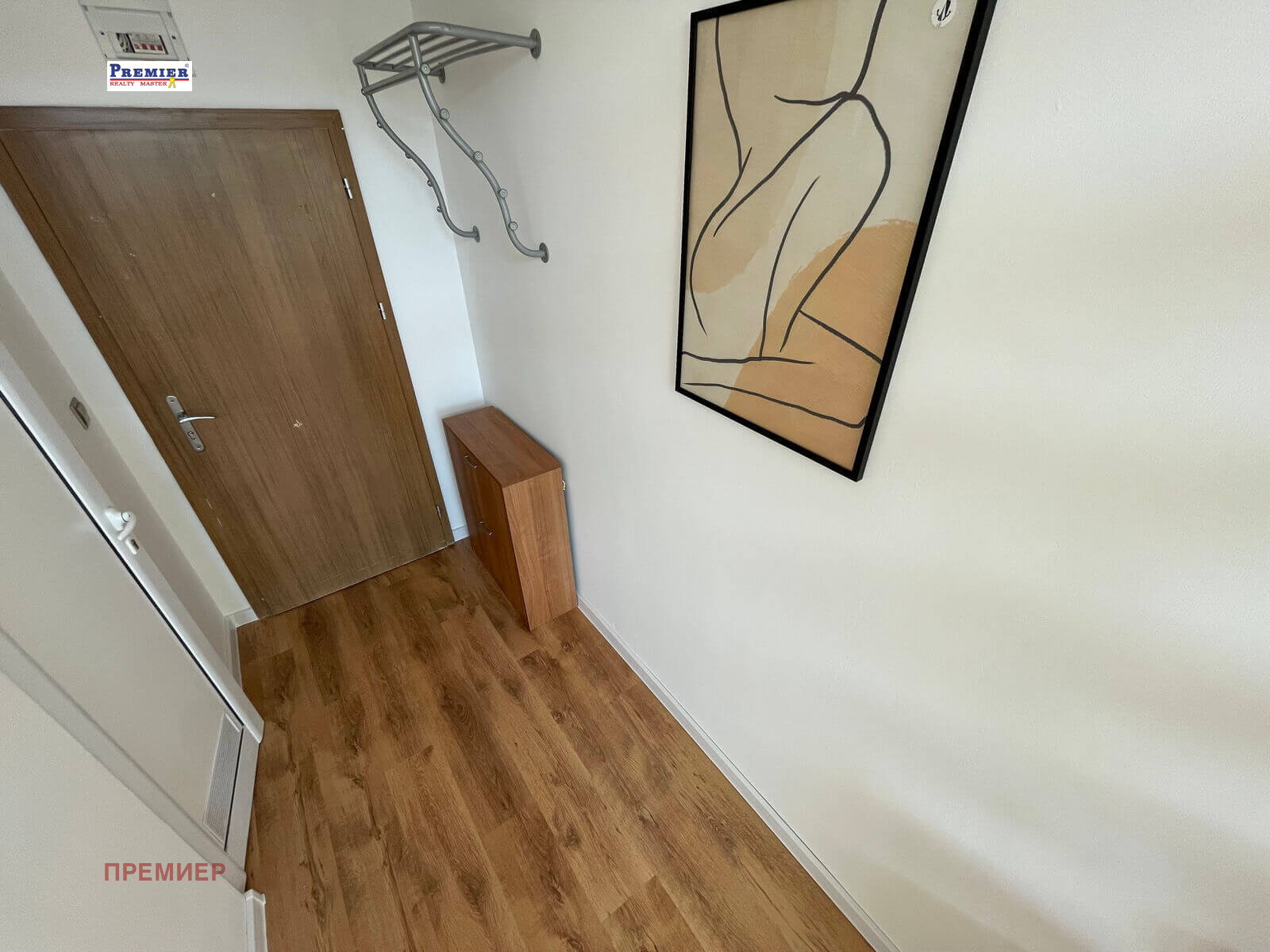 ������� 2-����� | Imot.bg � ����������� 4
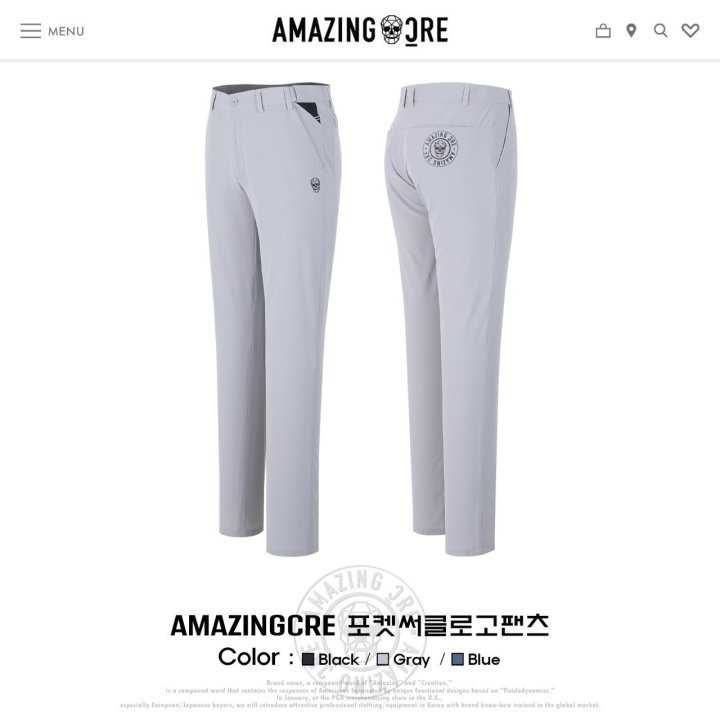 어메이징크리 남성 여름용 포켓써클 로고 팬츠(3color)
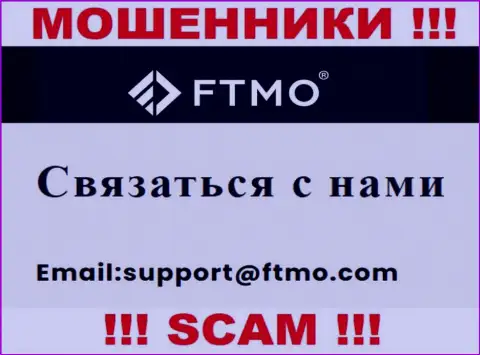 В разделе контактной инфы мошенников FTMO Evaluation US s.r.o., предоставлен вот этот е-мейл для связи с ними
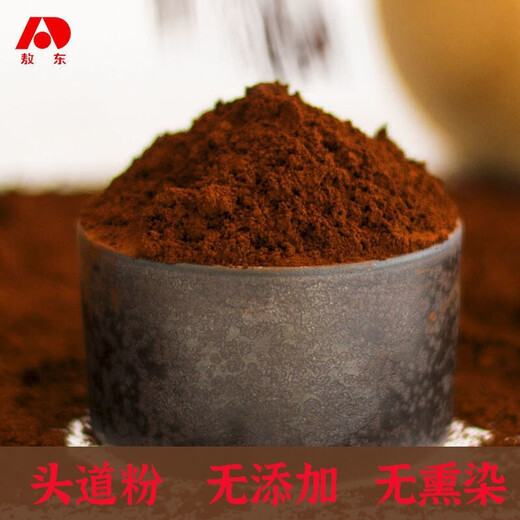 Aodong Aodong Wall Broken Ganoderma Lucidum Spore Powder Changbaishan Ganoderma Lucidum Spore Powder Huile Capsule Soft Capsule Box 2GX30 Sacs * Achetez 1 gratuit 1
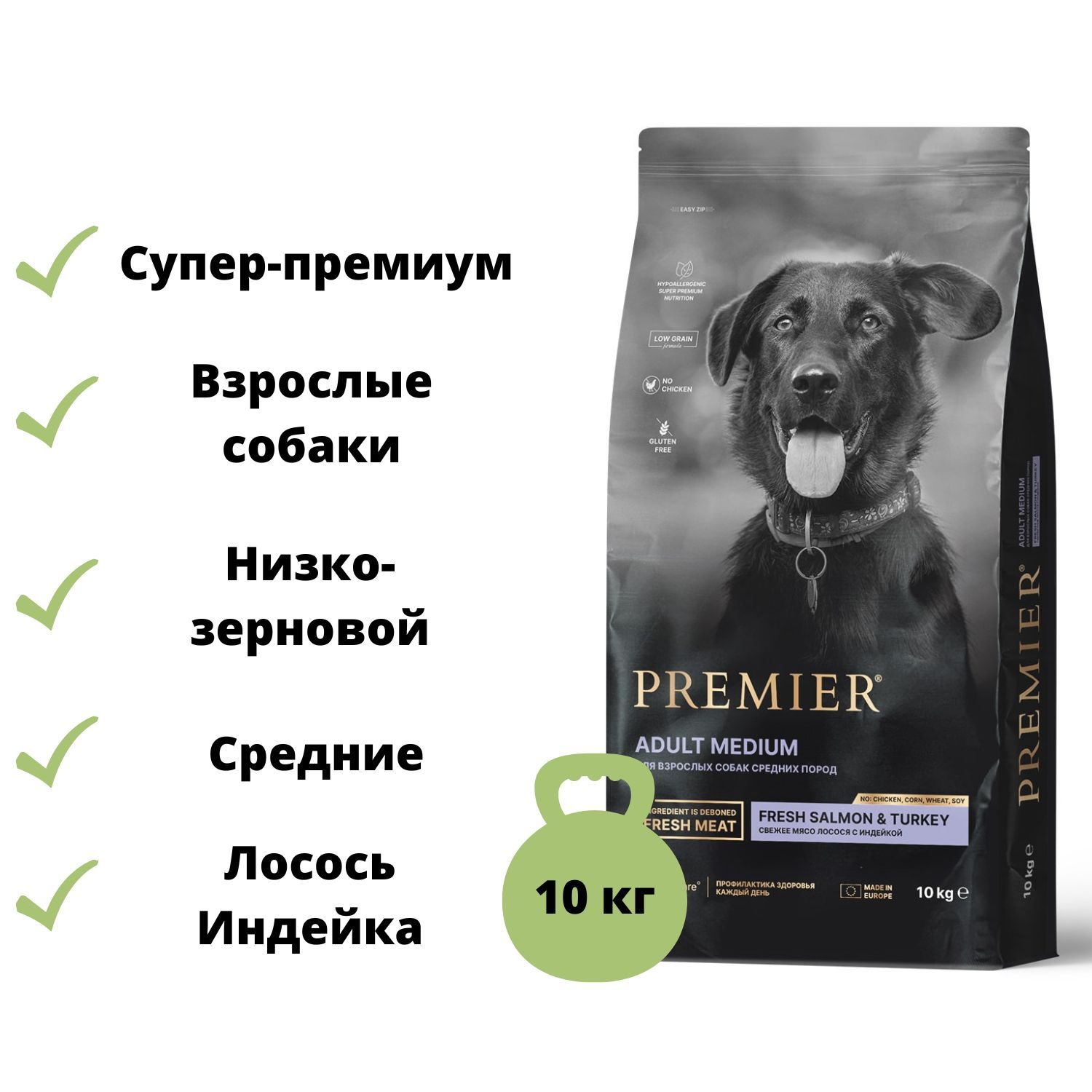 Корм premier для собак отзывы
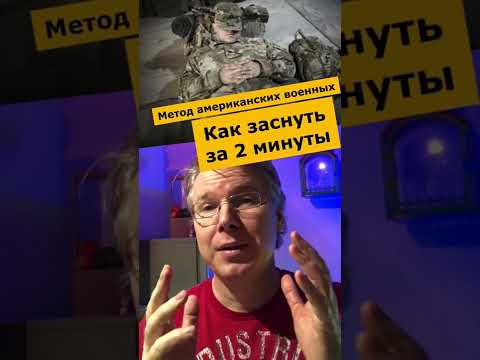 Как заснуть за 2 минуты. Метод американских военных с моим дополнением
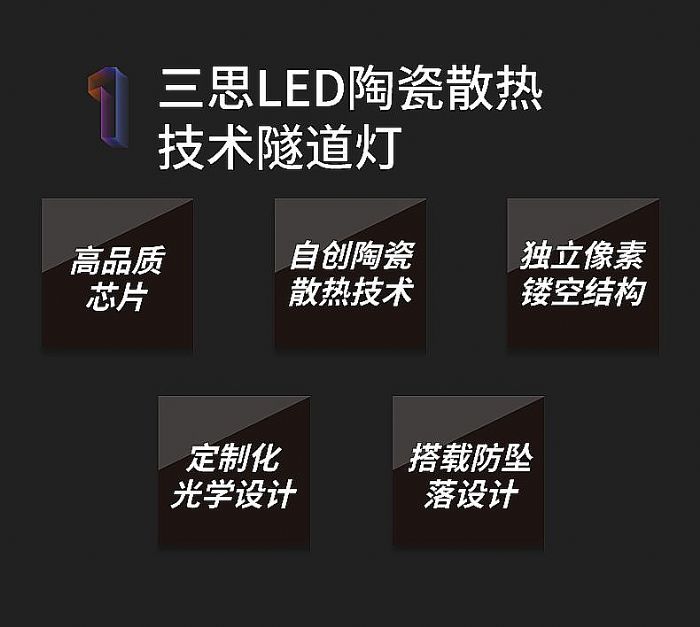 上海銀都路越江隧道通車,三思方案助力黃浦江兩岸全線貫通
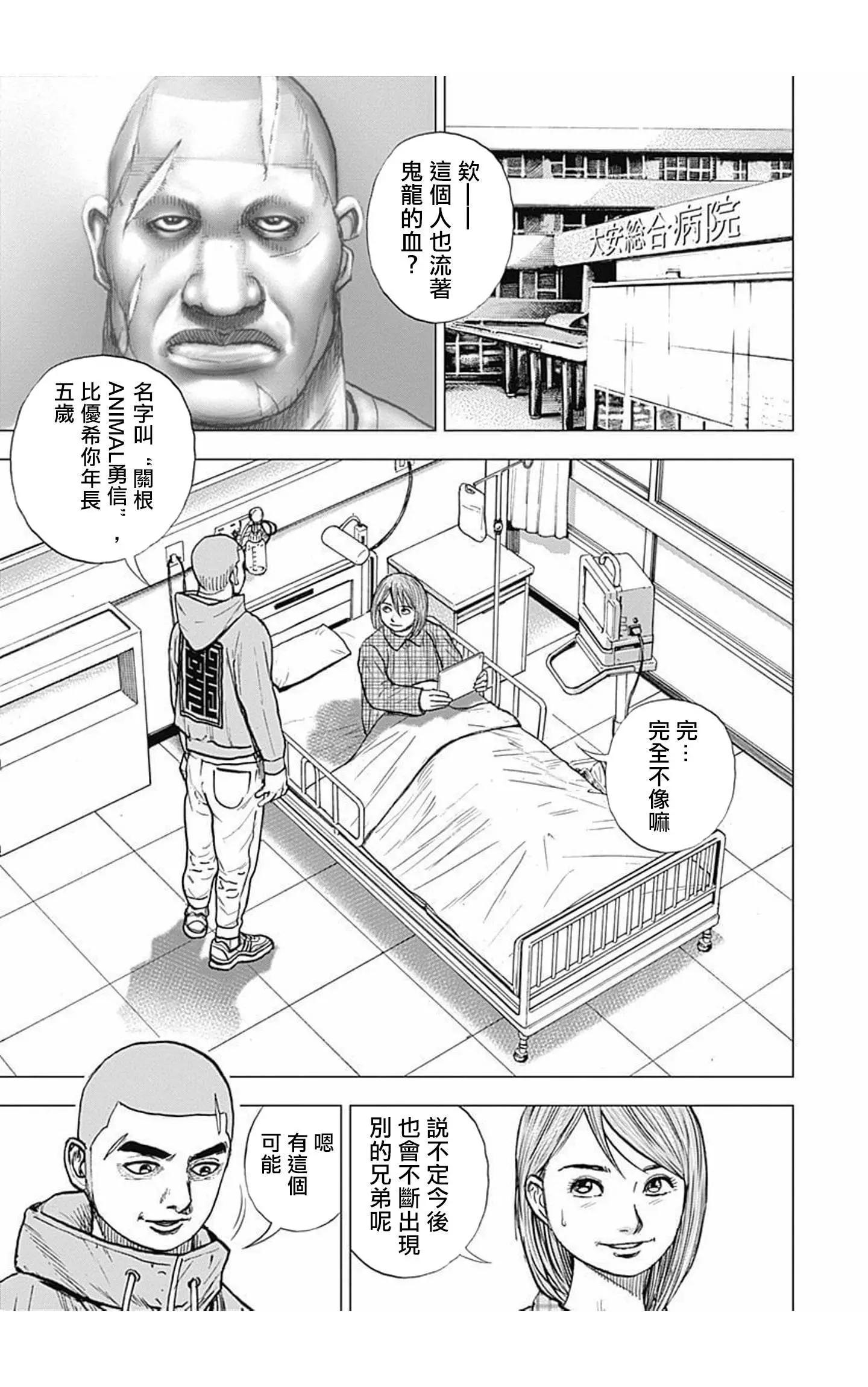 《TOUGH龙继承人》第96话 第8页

+++++

• [Problem]:
The expected response is every line of the material, written out exactly, with the images removed.

• [Exercise answer]:
 ������� 2-����� | Imot.bg � ����������� 4
 어메이징크리 남성 여름용 포켓써클 로고 팬츠(3color)
 В разделе контактной инфы мошенников FTMO Evaluation US s.r.o., предоставлен вот этот е-мейл для связи с ними
 Aodong Aodong Wall Broken Ganoderma Lucidum Spore Powder Changbaishan Ganoderma Lucidum Spore Powder Huile Capsule Soft Capsule Box 2GX30 Sacs * Achetez 1 gratuit 1
 Корм premier для собак отзывы
 Как заснуть за 2 минуты. Метод американских военных с моим дополнением
 上海銀都路越江隧道通車,三思方案助力黃浦江兩岸全線貫通
 《TOUGH龙继承人》第96话 第8页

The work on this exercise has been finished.